(Source data):
+++++

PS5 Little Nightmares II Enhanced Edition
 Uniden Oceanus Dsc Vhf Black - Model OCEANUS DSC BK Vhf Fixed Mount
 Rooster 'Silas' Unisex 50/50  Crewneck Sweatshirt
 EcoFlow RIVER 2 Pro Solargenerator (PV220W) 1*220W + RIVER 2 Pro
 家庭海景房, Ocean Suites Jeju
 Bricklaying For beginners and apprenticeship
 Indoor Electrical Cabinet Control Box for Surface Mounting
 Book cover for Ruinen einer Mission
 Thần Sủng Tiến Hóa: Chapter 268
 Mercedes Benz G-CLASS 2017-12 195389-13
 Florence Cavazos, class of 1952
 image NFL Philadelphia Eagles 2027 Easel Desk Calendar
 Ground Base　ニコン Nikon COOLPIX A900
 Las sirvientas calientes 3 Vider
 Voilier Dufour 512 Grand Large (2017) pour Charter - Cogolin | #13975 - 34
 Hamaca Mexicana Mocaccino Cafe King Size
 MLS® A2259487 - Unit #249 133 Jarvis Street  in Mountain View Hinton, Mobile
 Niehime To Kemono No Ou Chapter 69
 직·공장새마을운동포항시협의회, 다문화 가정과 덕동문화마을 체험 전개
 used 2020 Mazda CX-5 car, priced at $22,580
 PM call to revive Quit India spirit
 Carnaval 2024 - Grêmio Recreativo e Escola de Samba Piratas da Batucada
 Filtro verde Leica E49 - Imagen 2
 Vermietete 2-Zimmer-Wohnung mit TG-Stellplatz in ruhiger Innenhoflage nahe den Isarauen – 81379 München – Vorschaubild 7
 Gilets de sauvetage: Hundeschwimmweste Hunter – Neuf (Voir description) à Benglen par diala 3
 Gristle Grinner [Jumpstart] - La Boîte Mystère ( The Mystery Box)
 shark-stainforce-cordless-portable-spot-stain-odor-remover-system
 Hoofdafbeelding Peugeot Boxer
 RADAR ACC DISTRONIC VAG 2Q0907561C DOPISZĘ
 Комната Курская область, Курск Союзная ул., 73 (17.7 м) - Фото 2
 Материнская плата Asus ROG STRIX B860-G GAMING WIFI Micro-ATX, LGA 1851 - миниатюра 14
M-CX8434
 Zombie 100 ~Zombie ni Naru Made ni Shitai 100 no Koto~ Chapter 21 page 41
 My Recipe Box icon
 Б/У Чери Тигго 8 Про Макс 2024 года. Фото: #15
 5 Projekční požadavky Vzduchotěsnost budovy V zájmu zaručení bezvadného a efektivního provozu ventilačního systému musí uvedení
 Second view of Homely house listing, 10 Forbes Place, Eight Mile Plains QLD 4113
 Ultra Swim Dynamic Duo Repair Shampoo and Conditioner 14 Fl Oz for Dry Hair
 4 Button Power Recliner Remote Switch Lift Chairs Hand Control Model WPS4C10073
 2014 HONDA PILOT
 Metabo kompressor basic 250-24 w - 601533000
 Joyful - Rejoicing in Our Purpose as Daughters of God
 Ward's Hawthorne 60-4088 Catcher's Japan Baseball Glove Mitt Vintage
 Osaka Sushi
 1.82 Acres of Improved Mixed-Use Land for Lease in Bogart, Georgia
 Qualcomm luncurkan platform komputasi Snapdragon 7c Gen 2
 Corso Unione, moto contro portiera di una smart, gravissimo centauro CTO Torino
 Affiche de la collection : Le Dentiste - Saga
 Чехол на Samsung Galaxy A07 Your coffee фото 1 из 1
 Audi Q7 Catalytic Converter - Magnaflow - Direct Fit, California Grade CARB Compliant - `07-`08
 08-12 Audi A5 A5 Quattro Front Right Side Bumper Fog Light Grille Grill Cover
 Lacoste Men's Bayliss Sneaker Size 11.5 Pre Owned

+++++

Every record shown above should appear again in your answer, unchanged.

(Solved exercise):
PS5 Little Nightmares II Enhanced Edition
 Uniden Oceanus Dsc Vhf Black - Model OCEANUS DSC BK Vhf Fixed Mount
 Rooster 'Silas' Unisex 50/50  Crewneck Sweatshirt
 EcoFlow RIVER 2 Pro Solargenerator (PV220W) 1*220W + RIVER 2 Pro
 家庭海景房, Ocean Suites Jeju
 Bricklaying For beginners and apprenticeship
 Indoor Electrical Cabinet Control Box for Surface Mounting
 Book cover for Ruinen einer Mission
 Thần Sủng Tiến Hóa: Chapter 268
 Mercedes Benz G-CLASS 2017-12 195389-13
 Florence Cavazos, class of 1952
 image NFL Philadelphia Eagles 2027 Easel Desk Calendar
 Ground Base　ニコン Nikon COOLPIX A900
 Las sirvientas calientes 3 Vider
 Voilier Dufour 512 Grand Large (2017) pour Charter - Cogolin | #13975 - 34
 Hamaca Mexicana Mocaccino Cafe King Size
 MLS® A2259487 - Unit #249 133 Jarvis Street  in Mountain View Hinton, Mobile
 Niehime To Kemono No Ou Chapter 69
 직·공장새마을운동포항시협의회, 다문화 가정과 덕동문화마을 체험 전개
 used 2020 Mazda CX-5 car, priced at $22,580
 PM call to revive Quit India spirit
 Carnaval 2024 - Grêmio Recreativo e Escola de Samba Piratas da Batucada
 Filtro verde Leica E49 - Imagen 2
 Vermietete 2-Zimmer-Wohnung mit TG-Stellplatz in ruhiger Innenhoflage nahe den Isarauen – 81379 München – Vorschaubild 7
 Gilets de sauvetage: Hundeschwimmweste Hunter – Neuf (Voir description) à Benglen par diala 3
 Gristle Grinner [Jumpstart] - La Boîte Mystère ( The Mystery Box)
 shark-stainforce-cordless-portable-spot-stain-odor-remover-system
 Hoofdafbeelding Peugeot Boxer
 RADAR ACC DISTRONIC VAG 2Q0907561C DOPISZĘ
 Комната Курская область, Курск Союзная ул., 73 (17.7 м) - Фото 2
 Материнская плата Asus ROG STRIX B860-G GAMING WIFI Micro-ATX, LGA 1851 - миниатюра 14
M-CX8434
 Zombie 100 ~Zombie ni Naru Made ni Shitai 100 no Koto~ Chapter 21 page 41
 My Recipe Box icon
 Б/У Чери Тигго 8 Про Макс 2024 года. Фото: #15
 5 Projekční požadavky Vzduchotěsnost budovy V zájmu zaručení bezvadného a efektivního provozu ventilačního systému musí uvedení
 Second view of Homely house listing, 10 Forbes Place, Eight Mile Plains QLD 4113
 Ultra Swim Dynamic Duo Repair Shampoo and Conditioner 14 Fl Oz for Dry Hair
 4 Button Power Recliner Remote Switch Lift Chairs Hand Control Model WPS4C10073
 2014 HONDA PILOT
 Metabo kompressor basic 250-24 w - 601533000
 Joyful - Rejoicing in Our Purpose as Daughters of God
 Ward's Hawthorne 60-4088 Catcher's Japan Baseball Glove Mitt Vintage
 Osaka Sushi
 1.82 Acres of Improved Mixed-Use Land for Lease in Bogart, Georgia
 Qualcomm luncurkan platform komputasi Snapdragon 7c Gen 2
 Corso Unione, moto contro portiera di una smart, gravissimo centauro CTO Torino
 Affiche de la collection : Le Dentiste - Saga
 Чехол на Samsung Galaxy A07 Your coffee фото 1 из 1
 Audi Q7 Catalytic Converter - Magnaflow - Direct Fit, California Grade CARB Compliant - `07-`08
 08-12 Audi A5 A5 Quattro Front Right Side Bumper Fog Light Grille Grill Cover
 Lacoste Men's Bayliss Sneaker Size 11.5 Pre Owned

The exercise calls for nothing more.